Given data:
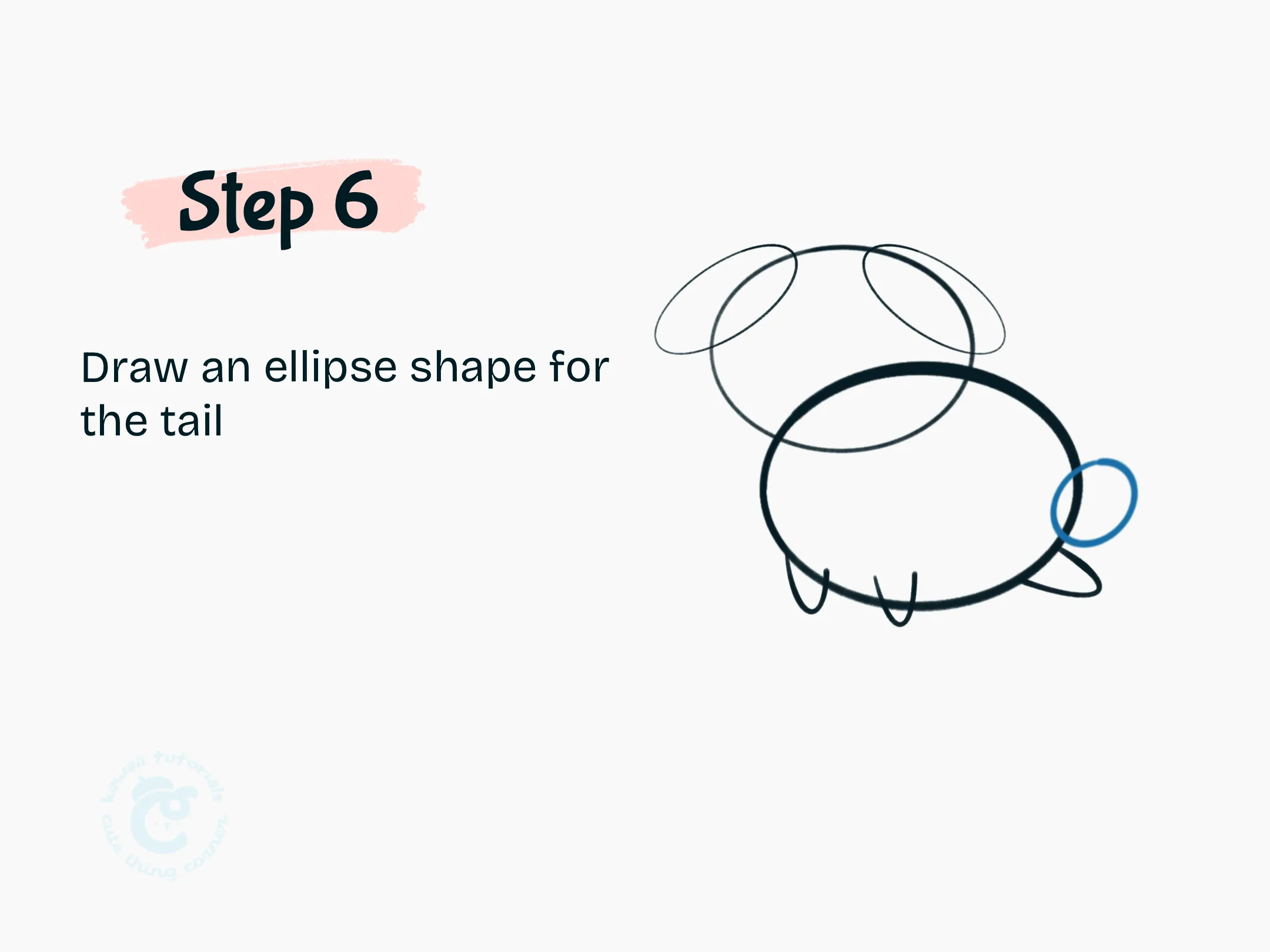 Step 6 Draw an ellipse shape for the tail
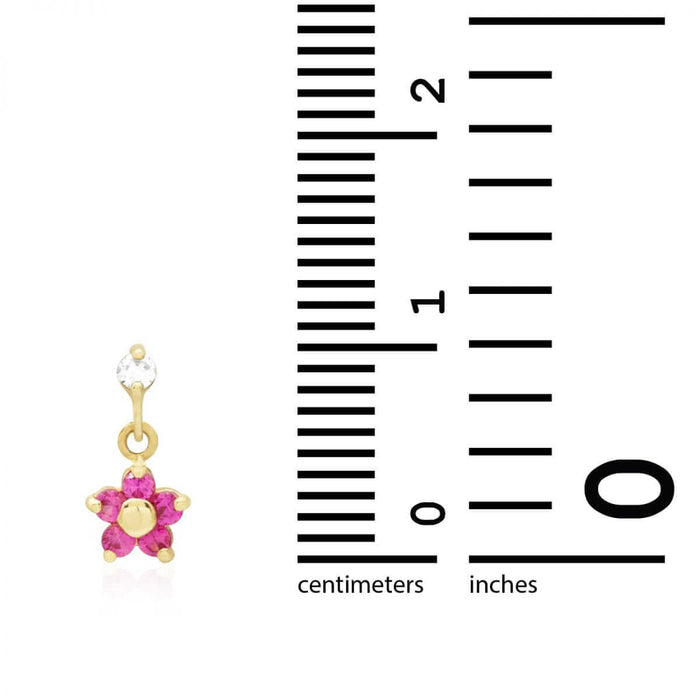 Kids 14K Yellow White Gold Ruby Flower Screw Back Earrings
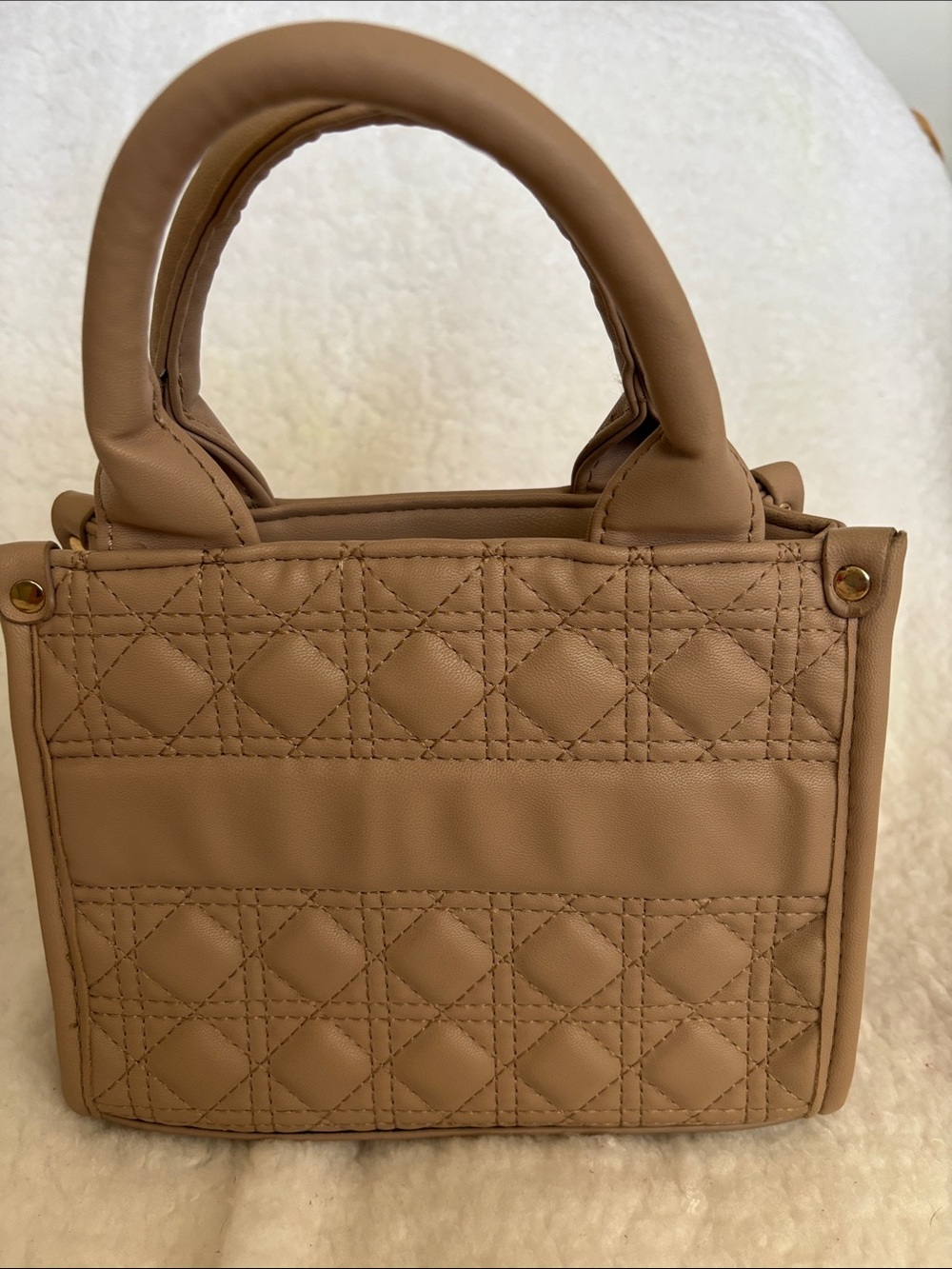 Quilted Top-Handle Crossbody/Tote Bag in Taupe - Picture 2 of 9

Task: Wherever an image sits in the data, omit it; everything else must be copied exactly.

Task result:
 Step 6 Draw an ellipse shape for the tail
 Kids 14K Yellow White Gold Ruby Flower Screw Back Earrings
 Quilted Top-Handle Crossbody/Tote Bag in Taupe - Picture 2 of 9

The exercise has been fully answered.